# Tools left on your job site



## varybarry (Sep 10, 2007)

My brother and I are co-owners in our business. He is constantly leaving our tools laying around and I'm too obsessive to leave stuff behind. The arguments never end.


----------



## killamike553 (Sep 17, 2007)

^ You want see tools laying around job sites that often in Miami, when you go back for them they wont be there!!:blink:


----------



## Mike Finley (Apr 28, 2004)

Almost had a nice Dewalt 18volt snake light. Electrician came back on the job after 5 days to do some other work for the homeowner and found his light still sitting where he left it. His comment: Oh wow, there's my light, I thought I lost it on a custom I was just working on.


----------



## Chazbe (Apr 13, 2007)

This seems to be an age old problem!!!
Last year I had to re-do some plaster and lath ceilings in a 100 year old apt building(built by George Westinghouse for his foundry workers). The plaster had become unkeyed over time and was sagging real bad. As I was tearing it down I got plopped in the head by a hammer. I can gaurentee that the ceiling and the floor above was never touched since construction.

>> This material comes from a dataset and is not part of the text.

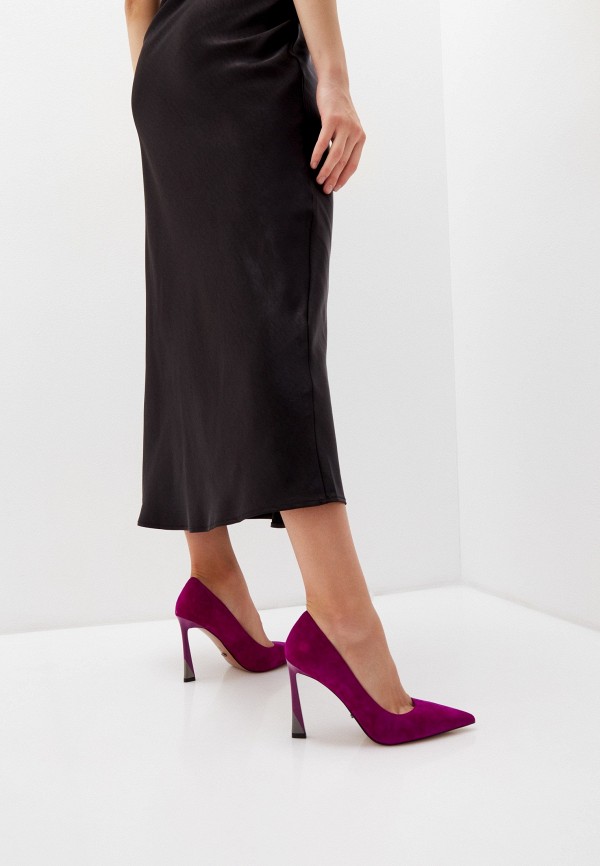 фото Туфли graciana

I kept the hammer. If anyone knows anything about vintage tools and their markings I would love to find out some history on it.:thumbsup:
Cheers
Chuck


----------



## bustedbolt (Dec 9, 2006)

thats great chuck.
bet that guy 100 years ago got a CHEW out and cursed that hammer so much it was doomed to fall on someones head.

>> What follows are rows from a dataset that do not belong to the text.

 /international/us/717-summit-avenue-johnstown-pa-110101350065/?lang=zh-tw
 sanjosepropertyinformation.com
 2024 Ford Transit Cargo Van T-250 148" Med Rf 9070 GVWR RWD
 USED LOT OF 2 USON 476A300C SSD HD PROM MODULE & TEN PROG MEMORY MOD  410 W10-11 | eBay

I still remember the summer I cleared about what seemed like an acre or two of brush and briars and my dad said good job, where's the sickle?
I had to pay for the the sickle with all the 10$ I just earned at 2$ a day.
I was 5 years old.
tough love in appalachia.

I agree about the electricians and their ladders. why bother to put your name on it if it won't even remind you to put it on top of your truck!

b


----------



## Kingfisher (Mar 18, 2007)

I have left thing over my career, but I think all and all as a GC I'm ahead in the game now:whistling I have found several extension cords, hoses, 2 axs, 2 6' step ladders, hammers, tapes, 20' extention pole elec. uses for fishing wire in drop cielings, screw drivers, and cones. I keep them on the job till the end for the owners, then if they are any good I take them to the next job. Its nice to have a hose, extention cord , and 6' step on all your jobs without caring if they walk off:laughing:


----------



## KillerToiletSpider (May 27, 2007)

Kingfisher said:


> I have left thing over my career, but I think all and all as a GC I'm ahead in the game now:whistling I have found several extension cords, hoses, 2 axs, 2 6' step ladders, hammers, tapes, 20' extention pole elec. uses for fishing wire in drop cielings, screw drivers, and cones. I keep them on the job till the end for the owners, then if they are any good I take them to the next job. Its nice to have a hose, extention cord , and 6' step on all your jobs without caring if they walk off:laughing:


Two months ago one of the electricians left a Hilti cordless sawzall on a job, case charger and all. I called the owner of the company, and he tells me that it was Adrian's personal sawzall, and to just keep it, as Adrian' work visa was up and he had returned to Ireland.


----------



## aWorkaHolic (Oct 1, 2007)

One of my clients called me up a few months ago and informed me that my crew forgot to bring back a scissor lift. I sent one of my guys out there to retrieve it. When he brought it back to the yard, I noticed that it wasn't ours. Come to think about it, I don't ever recall buying one for the company we always rent one. So I called the rental company that it belonged to and informed them I have one of their lifts....what did the rental guy say???? Sorry sir but all our lifts have been checked in and accounted for.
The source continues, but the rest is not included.